NAME
PDL::EditDistance - Wagner-Fischer edit distance and alignment for PDLs.
SYNOPSIS
use PDL;
use PDL::EditDistance;
##-- input PDLs
$a = pdl([map { ord($_) } qw(G U M B O)]);
$b = pdl([map { ord($_) } qw(G A M B O L)]);
$a1 = pdl([0, map { ord($_) } qw(G U M B O)]);
$b1 = pdl([0, map { ord($_) } qw(G A M B O L)]);
##-------------------------------------------------------------
## Levenshtein distance
$dist = edit_distance_static($a,$b, 0,1,1,1);
($dist,$align) = edit_align_static($a,$b, 0,1,1,1);
##-------------------------------------------------------------
## Wagner-Fischer distance
@costs = ($costMatch=0,$costInsert=1,$costDelete=1,$costSubstitute=2);
$dist = edit_distance_static($a,$b, @costs);
($dist,$align) = edit_align_static($a,$b, @costs);
##-------------------------------------------------------------
## General edit distance
$costsMatch = random($a->nelem+1, $b->nelem+1);
$costsIns = random($a->nelem+1, $b->nelem+1);
$costsDel = random($a->nelem+1, $b->nelem+1);
$costsSubst = random($a->nelem+1, $b->nelem+1);
@costs = ($costsMatch,$costsIns,$costDel,$costsSubst);
$dist = edit_distance_full($a,$b,@costs);
($dist,$align) = edit_align_full($a,$b,@costs);
##-------------------------------------------------------------
## Alignment
$op_match = align_op_match(); ##-- constant
$op_del = align_op_insert1(); ##-- constant
$op_ins = align_op_insert2(); ##-- constant
$op_subst = align_op_substitute(); ##-- constant
($apath,$bpath,$pathlen) = edit_bestpath($align);
($ai,$bi,$ops,$pathlen) = edit_pathtrace($align);
##-------------------------------------------------------------
## Longest Common Subsequence
$lcs = edit_lcs($a,$b);
($ai,$bi,$lcslen) = lcs_backtrace($a,$b,$lcs);
_edit_pdl
Signature: (a(N); [o]apdl(N+1))
Convenience method. Returns a pdl $apdl() suitable for representing $a(), which can be specified as a UTF-8 or byte-string, as an arrays of numbers, or as a PDL. $apdl(0) is always set to zero.
edit_costs
Signature: (PDL::Type type; int N; int M;
[o]costsMatch(N+1,M+1); [o]costsIns(N+1,M+1); [o]costsDel(N+1,M+1); [o]costsSubst(N+1,M+1))
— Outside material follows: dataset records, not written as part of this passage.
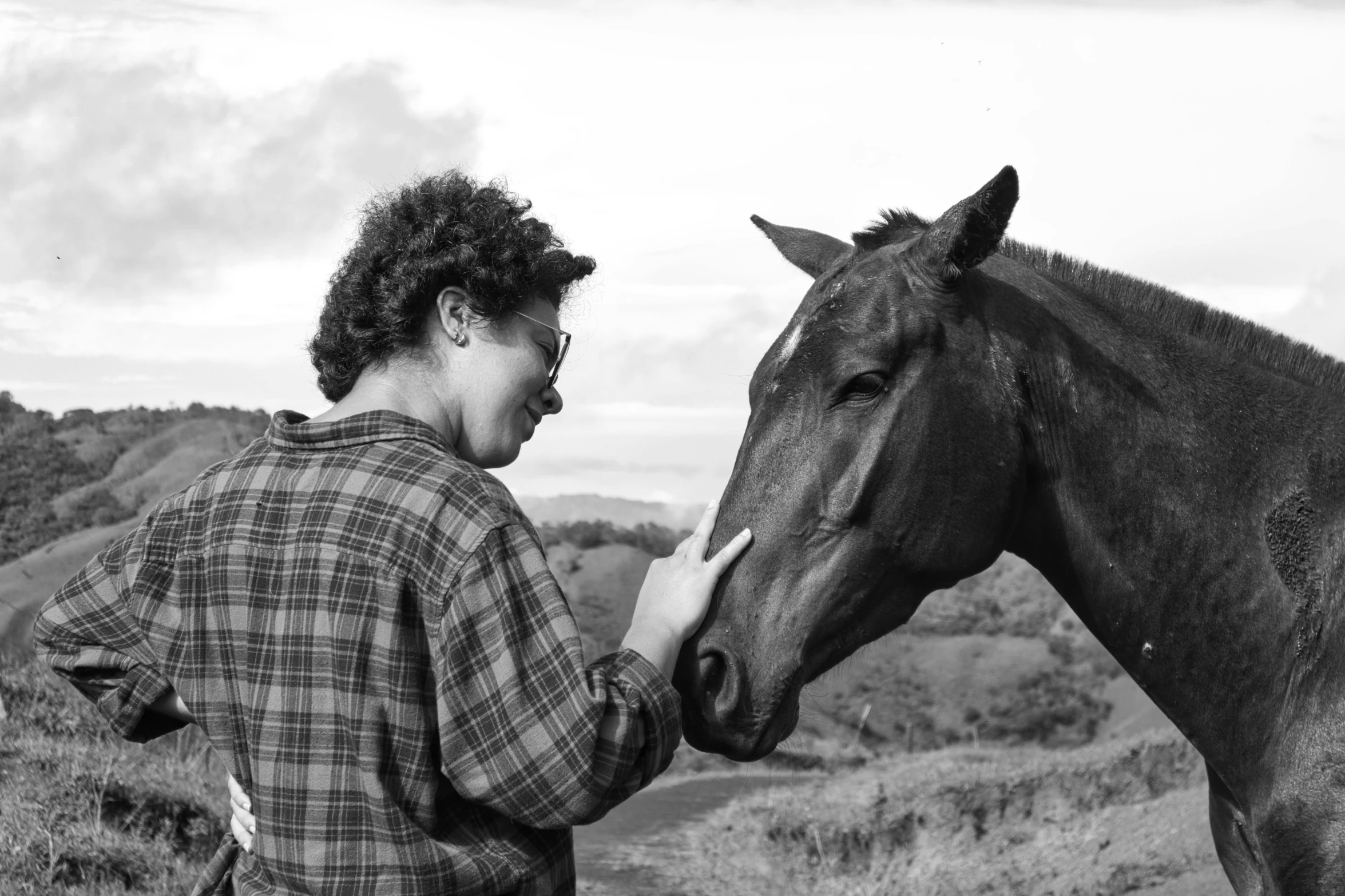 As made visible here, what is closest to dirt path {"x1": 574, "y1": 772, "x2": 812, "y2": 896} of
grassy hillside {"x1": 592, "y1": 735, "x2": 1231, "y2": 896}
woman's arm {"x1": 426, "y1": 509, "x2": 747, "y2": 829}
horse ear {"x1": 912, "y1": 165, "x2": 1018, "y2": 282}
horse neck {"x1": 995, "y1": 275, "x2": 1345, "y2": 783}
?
grassy hillside {"x1": 592, "y1": 735, "x2": 1231, "y2": 896}

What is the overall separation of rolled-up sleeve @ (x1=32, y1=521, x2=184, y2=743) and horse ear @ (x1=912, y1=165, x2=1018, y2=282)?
185cm

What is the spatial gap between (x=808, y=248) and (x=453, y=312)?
1319 millimetres

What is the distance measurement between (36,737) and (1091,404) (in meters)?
5.79

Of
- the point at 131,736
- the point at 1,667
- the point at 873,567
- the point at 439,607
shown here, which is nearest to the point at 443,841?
the point at 439,607

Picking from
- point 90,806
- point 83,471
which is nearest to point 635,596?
point 83,471

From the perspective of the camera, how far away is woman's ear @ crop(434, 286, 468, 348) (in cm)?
258

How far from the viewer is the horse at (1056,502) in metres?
2.88

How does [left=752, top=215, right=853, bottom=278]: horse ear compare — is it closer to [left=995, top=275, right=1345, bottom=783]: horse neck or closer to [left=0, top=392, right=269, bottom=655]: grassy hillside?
[left=995, top=275, right=1345, bottom=783]: horse neck

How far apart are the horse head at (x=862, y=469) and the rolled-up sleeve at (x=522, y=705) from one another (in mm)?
551

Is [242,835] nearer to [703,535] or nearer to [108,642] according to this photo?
[108,642]

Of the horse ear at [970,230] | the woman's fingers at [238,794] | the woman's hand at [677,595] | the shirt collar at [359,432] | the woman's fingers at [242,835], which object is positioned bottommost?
the woman's fingers at [242,835]

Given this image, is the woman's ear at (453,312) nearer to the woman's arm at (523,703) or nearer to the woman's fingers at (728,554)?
the woman's arm at (523,703)

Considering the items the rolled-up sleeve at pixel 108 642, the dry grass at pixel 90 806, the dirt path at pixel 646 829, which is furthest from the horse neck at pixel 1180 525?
the dry grass at pixel 90 806

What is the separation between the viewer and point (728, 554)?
9.09 feet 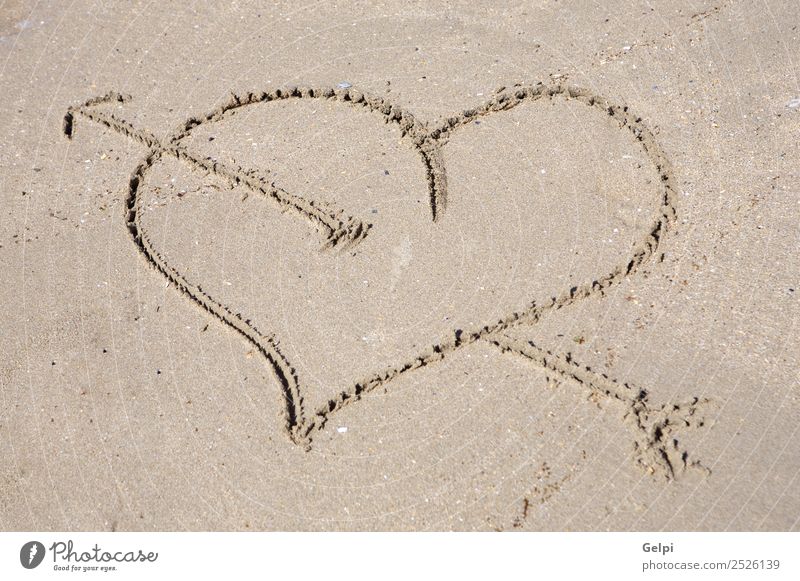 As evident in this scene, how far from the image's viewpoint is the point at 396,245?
4.44 m

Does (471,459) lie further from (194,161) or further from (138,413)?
(194,161)

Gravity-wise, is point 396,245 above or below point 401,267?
above

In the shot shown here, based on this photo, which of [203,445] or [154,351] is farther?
[154,351]

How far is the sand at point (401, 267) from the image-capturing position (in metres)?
3.66

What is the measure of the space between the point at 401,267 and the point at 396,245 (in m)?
0.14

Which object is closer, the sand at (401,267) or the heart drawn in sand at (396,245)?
the sand at (401,267)

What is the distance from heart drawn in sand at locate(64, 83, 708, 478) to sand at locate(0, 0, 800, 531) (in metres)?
0.02

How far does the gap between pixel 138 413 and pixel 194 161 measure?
5.14ft

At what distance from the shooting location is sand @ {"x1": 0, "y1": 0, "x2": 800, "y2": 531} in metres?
3.66

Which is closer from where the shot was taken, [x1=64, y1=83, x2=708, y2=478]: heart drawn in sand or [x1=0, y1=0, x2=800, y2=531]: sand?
[x1=0, y1=0, x2=800, y2=531]: sand

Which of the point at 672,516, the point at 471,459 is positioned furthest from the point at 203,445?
the point at 672,516

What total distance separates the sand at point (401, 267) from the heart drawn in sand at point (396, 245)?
0.05 feet

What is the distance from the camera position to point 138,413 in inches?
156

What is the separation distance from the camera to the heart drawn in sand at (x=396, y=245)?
4.00m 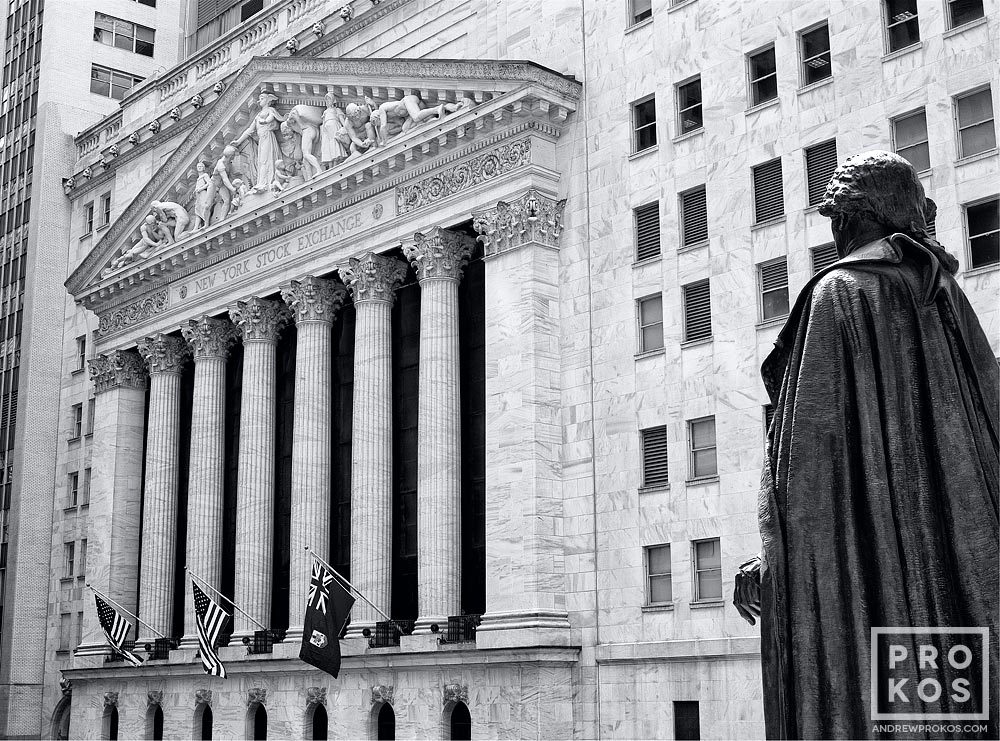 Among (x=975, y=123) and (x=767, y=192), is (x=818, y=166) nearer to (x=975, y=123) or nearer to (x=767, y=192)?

Convenience method. Ensures existence and proper dimensionality of cost matrices for inputs of length N and M.
_edit_costs
Signature: (PDL::Type type; int N1; int M1;
[o]costsMatch(N1,M1); [o]costsIns(N1,M1); [o]costsDel(N1,M1); [o]costsSubst(N1,M1))
Low-level method. Ensures existence and proper dimensionality of cost matrices for inputs of length N1-1 and M1-1.
edit_costs_static
Signature: (PDL::Type type; int N; int M;
staticCostMatch(); staticCostIns(); staticCostSubst();
[o]costsMatch(N+1,M+1); [o]costsIns(N+1,M+1); [o]costsDel(N+1,M+1); [o]costsSubst(N+1,M+1))
Convenience method.
edit_distance_full
Signature: (a(N); b(M);
costsMatch(N+1,M+1); costsIns(N+1,M+1); costsDel(N+1,M+1); costsSubst(N+1,M+1);
[o]dist(N+1,M+1); [o]align(N+1,M+1))
Convenience method. Compute the edit distance matrix for inputs $a() and $b(), and cost matrices $costsMatch(), $costsIns(), $costsDel(), and $costsSubst(). $a() and $b() may be specified as PDLs, arrays of numbers, or as strings.
edit_align_full
Signature: (a(N); b(M);
costsMatch(N+1,M+1); costsIns(N+1,M+1); costsDel(N+1,N+1); costsSubst(N+1,M+1);
[o]dist(N+1,M+1); [o]align(N+1,M+1))
Convenience method. Compute the edit distance and alignment matrices for inputs $a() and $b(), and cost matrices $costsMatch(), $costsIns(), $costsDel(), and $costsSubst(). $a() and $b() may be specified as PDLs, arrays of numbers, or as strings.
edit_distance_static
Signature: (a(N); b(M);
staticCostMatch(); staticCostIns(); staticCostDel(); staticCostSubst();
[o]dist(N+1,M+1))
Convenience method. Compute the edit distance matrix for inputs $a() and $b() given a static cost schema @costs = ($staticCostMatch(), $staticCostIns(), $staticCostDel(), and $staticCostSubst()). $a() and $b() may be specified as PDLs, arrays of numbers, or as strings. Functionally equivalent to edit_distance_full($matches,@costs,$dist), but slightly faster.
edit_align_static
Signature: (a(N); b(M);
staticCostMatch(); staticCostIns(); staticCostDel(); staticCostSubst();
[o]dist(N+1,M+1); [o]align(N+1,M+1))
Convenience method. Compute the edit distance and alignment matrices for inputs $a() and $b() given a static cost schema @costs = ($staticCostMatch(), $staticCostIns(), $staticCostDel(), and $staticCostSubst()). $a() and $b() may be specified as PDLs, arrays of numbers, or as strings. Functionally equivalent to edit_align_full($matches,@costs,$dist), but slightly faster.
align_op_delete
Alias for align_op_insert1()
align_op_insert
Alias for align_op_insert2()
align_ops
Signature: ([o]ops(4))
Alignment matrix value constants 4-element pdl (match,insert1,insert2,substitute).a
edit_bestpath
Signature: (align(N+1,M+1); [o]apath(N+M+2); [o]bpath(N+M+2); [o]pathlen())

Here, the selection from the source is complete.